Version-Release number of selected component (if applicable):

kernel 3.0-0.rc7.git0.1.fc16.i686 

How reproducible:


Steps to Reproduce:
1.
2.
3.
  
Actual results:


Expected results:


Additional info:

Comment 1 Michal Schmidt 2011-07-18 11:53:19 UTC
*** Bug 722401 has been marked as a duplicate of this bug. ***

Comment 2 Stephen John Smoogen 2011-07-18 15:42:47 UTC
I have been trying to track down a set of crashes with 3.0 systems... the system prints this and gets slower and slower until it "locks" up completely.

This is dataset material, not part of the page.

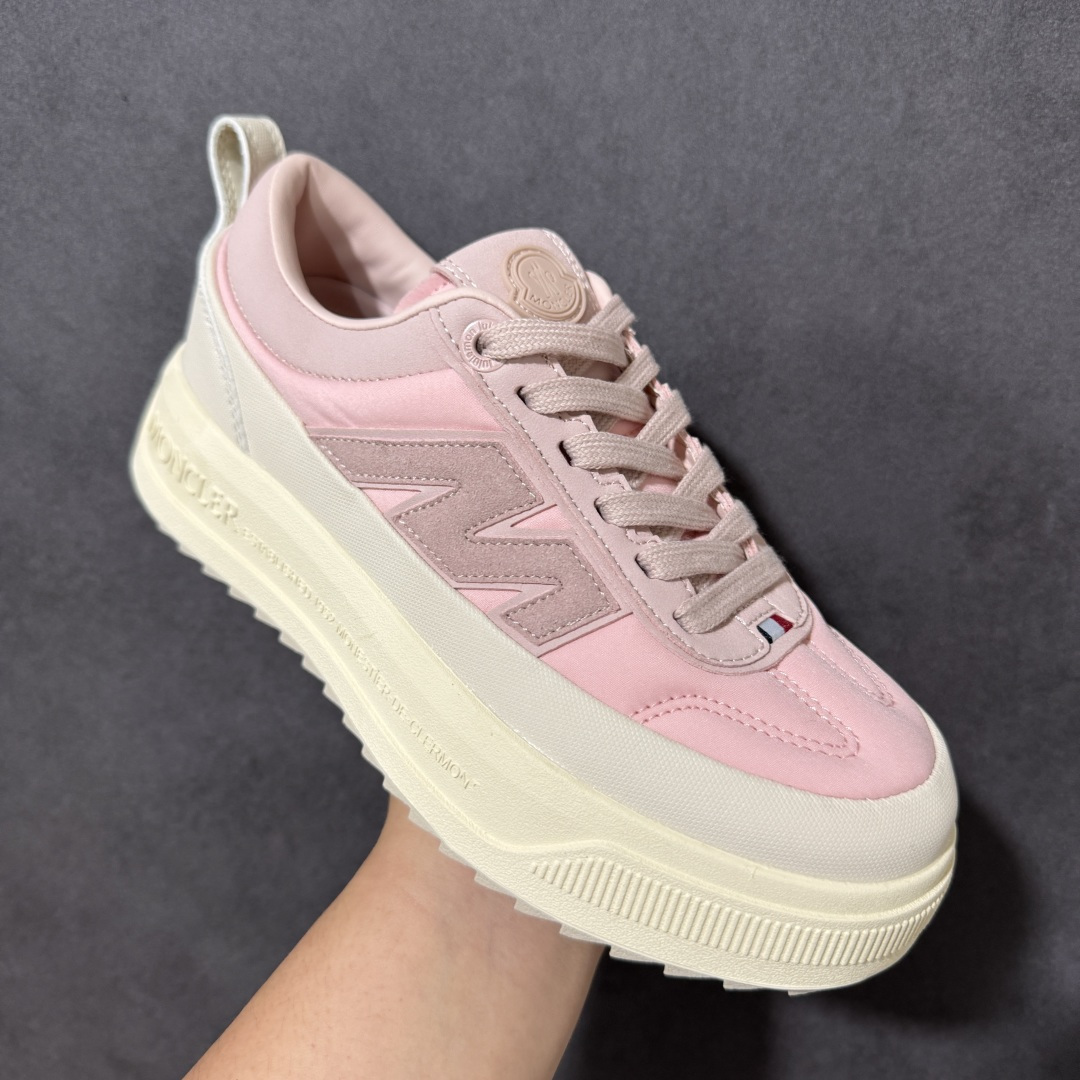 Moncler Altive Mid F046蒙口系列新款休闲运动鞋灵感源自 Moncler 典藏系列，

Problem does not occur on 2.6.38.8-32 kernel. Not sure what it causing this between the two.

Comment 3 Stephen John Smoogen 2011-07-18 16:43:54 UTC
Going through rawhide kernels from 2.6.39 onward.. a "deadlock" issue similar to this seems to start happening between 2.6.39-1 and 3.0.0-rc1. Not sure how to debug beyond that.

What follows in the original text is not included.